Those cases sustain the distinction which defendant in error makes, and the deduction from it, and our inquiry will therefore be: Did the supreme court of the state of Minnesota deny the validity of the New York statute or only consider its operation and effect? The claim of the defendant in error is that each of the notes was an 'instalment or portion of the premium,' and that therefore the supreme court of Minnesota, in holding that the notice prescribed by § 92 was not necessary to be given prior to the maturity of the notes, denied full faith and credit to the statute.


We dispute the conclusion without passing on the premises. The ruling was a construction of the statute, not a denial of its validity, and that the court meant no more, and meant to follow, not oppose, the decisions of the state, is evident from its opinions.

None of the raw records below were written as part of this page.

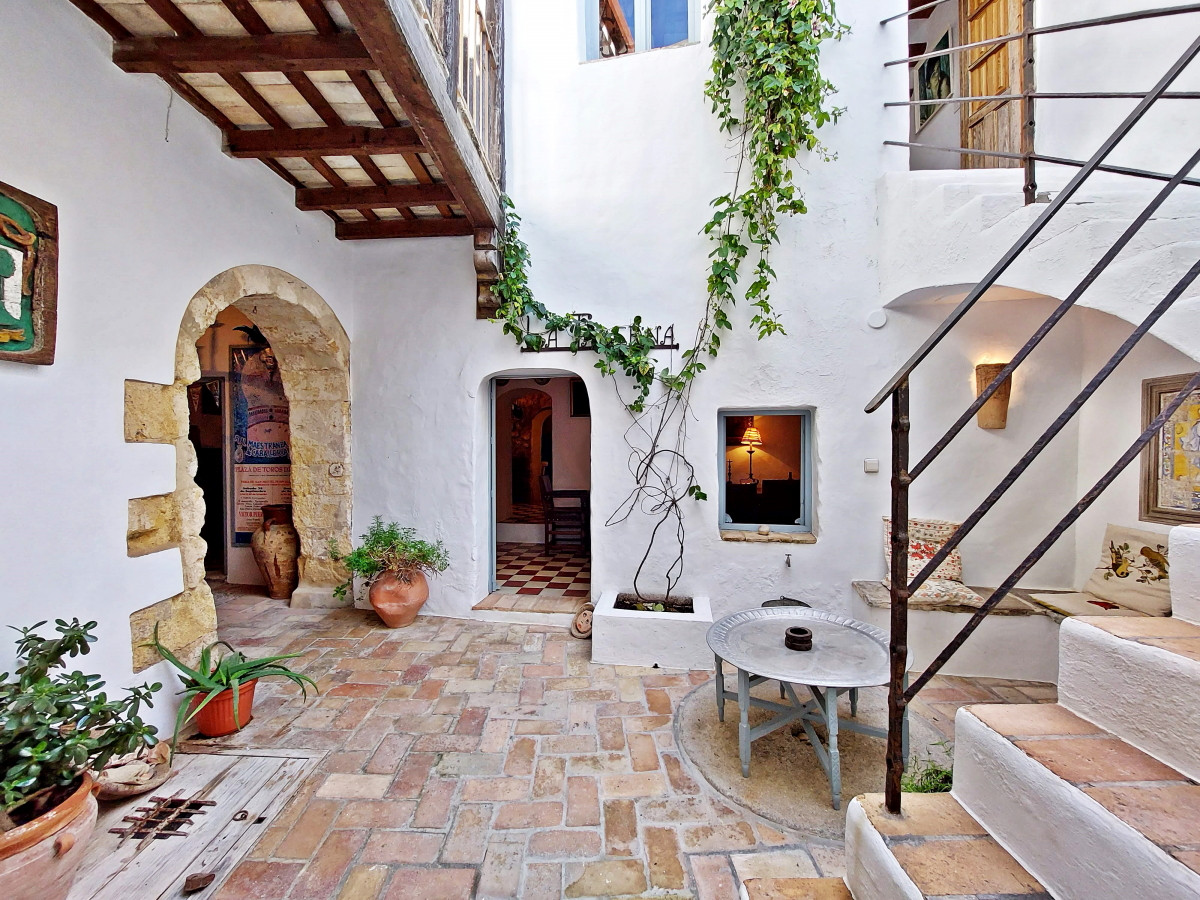 Andaluz Homes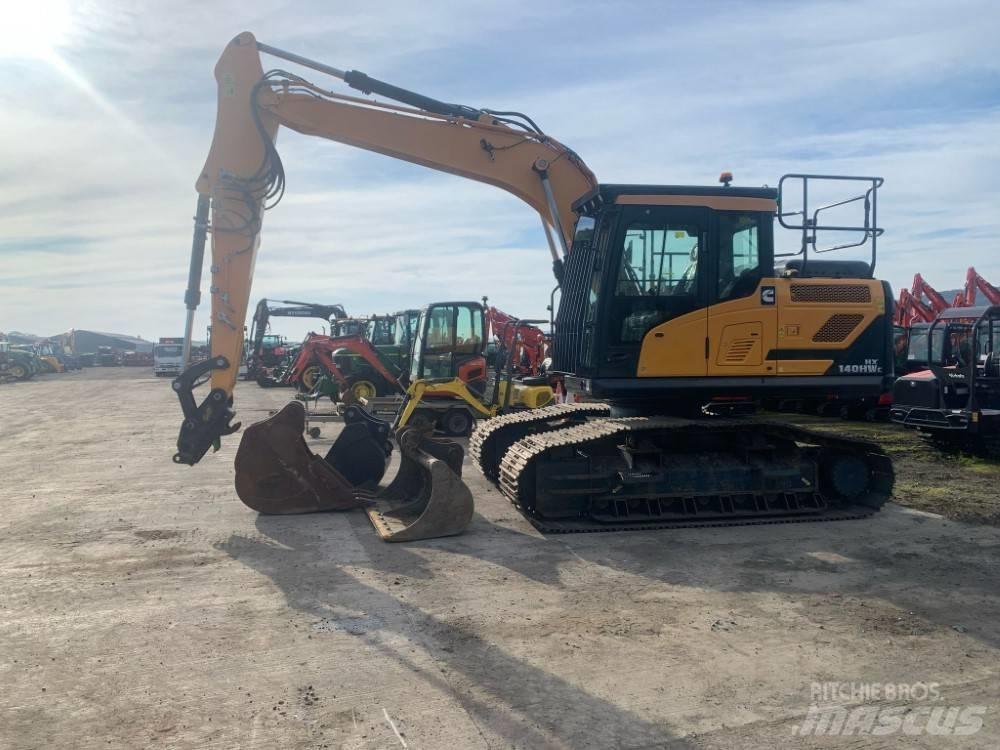 Hyundai HX 140 HW Kāpurķēžu ekskavatori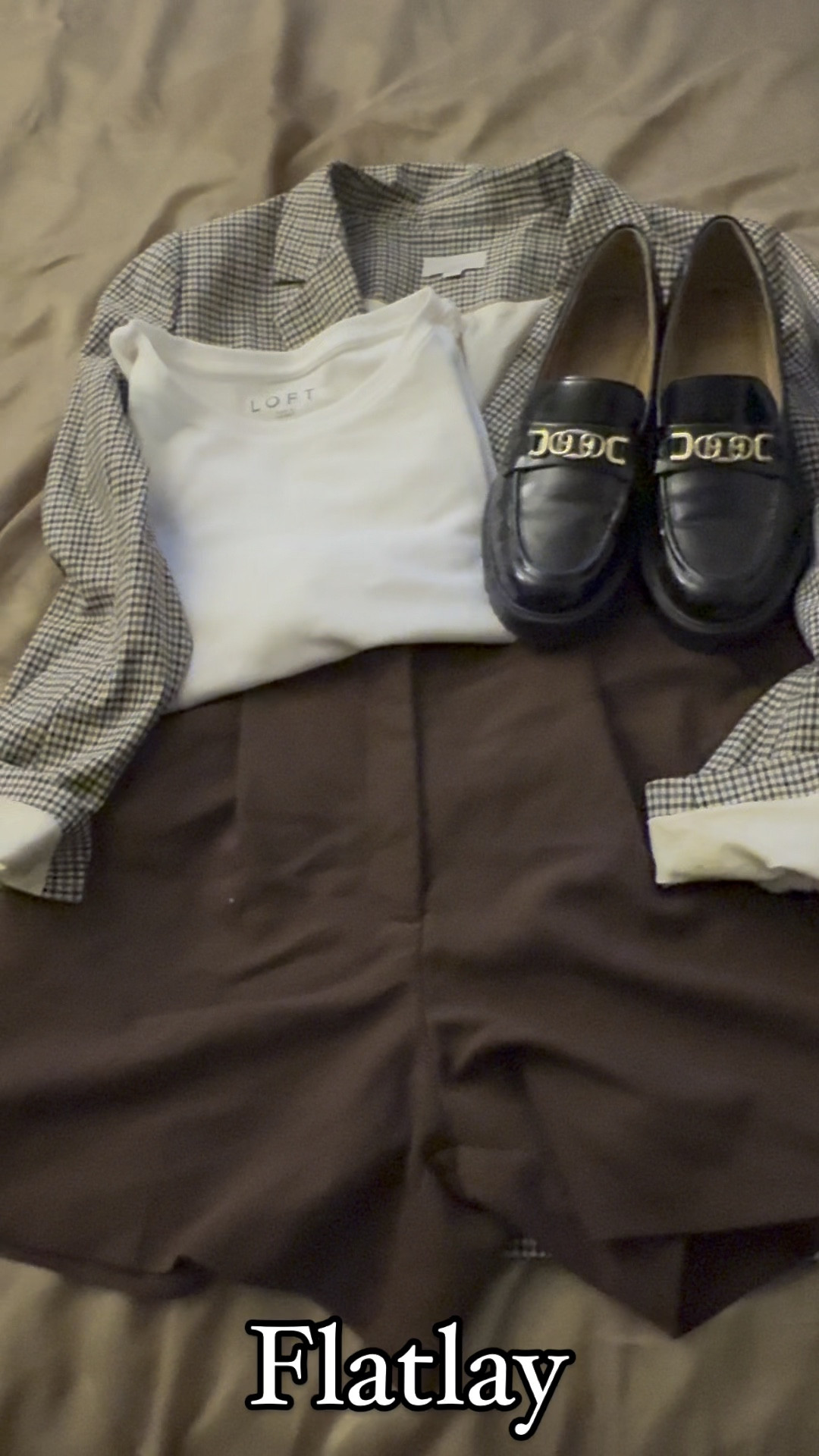 The outfit laid out 🆚 the outfit with me in it - who wore it better??? 😜 (Spoiler: it’s me 💁‍♀️)

#flatlaystyle #thanksgivingoutfits #friendsgiving #outfitideas #holidayoutfit #holidayoutfitideas #midsize #midsizefashion 

#LTKMidsize #LTKHoliday #LTKWorkwear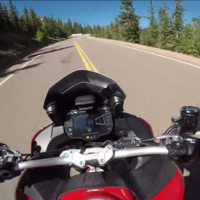 ¿Sabes qué se siente subiendo el Pikes Peak? Ponte los cascos y la pantalla completa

The first opinion was put on the authority of Conway v. Phoenix Mut. L. Ins. Co. 140 N. Y. 79, 35 N. E. 420, on the assumption that its facts were not different from those of the case at bar. In the second opinion the construction of the New York statute was considered as res integra, and it was held that 'the notice required by it was not applicable to the notes given by Banholzer for part of the September premium.'


In the first opinion, the contention that the 'premium notice' required by the statute applied to the note, which fell due March 16, 1897, and that the policy could not be forfeited without such notice, the learned justice who spoke for the court said:


'Even if the question was res nova, I am clearly of the opinion that, upon the facts, this statutory provision has no application to this note. But as my brethren do not agree with me in this, it would be useless for me to enter into any discussion of the reasons for my opinion. The parties mutually agreed that this should b d eemed a New York contract and construed according to the laws of that state. The decisions of the highest court of that state as to the construction of such a contract and of the statutes of New York must therefore be accepted as conclusive upon the parties. In Conway v. Phoenix Mut. L. Ins. Co. 140 N. Y. 79, 35 N. E. 420, upon a state of facts and under a statute which, in our opinion, are in no way distinguishable from those involved in the present case, the court of appeals held that the notice required by statute did not apply to the notes; that the company having served that notice before the premium became due, no further notice was required. Counsel for the plaintiff do not claim that the facts of the two cases are in any respect distinguishable, but they seek to draw a distinction between the language of the statute considered in the Conway Case and the statute applicable to the present case. The statute under consideration in the former was Laws of N. Y. 1876, chap. 341, as amended by Laws 1877, chap. 321; the statute applicable to the present case is Laws of N. Y. 1892, chap. 690, § 92. This last act appears to be a compilation and revision of all the insurance laws of the state, and § 92 thereof is but an embodiment (with certain amendments) of the provisions of the act of 1876 as amended in 1877. We have compared the language of the two acts, and are unable to discover any difference between them that at all affects the question now under consideration.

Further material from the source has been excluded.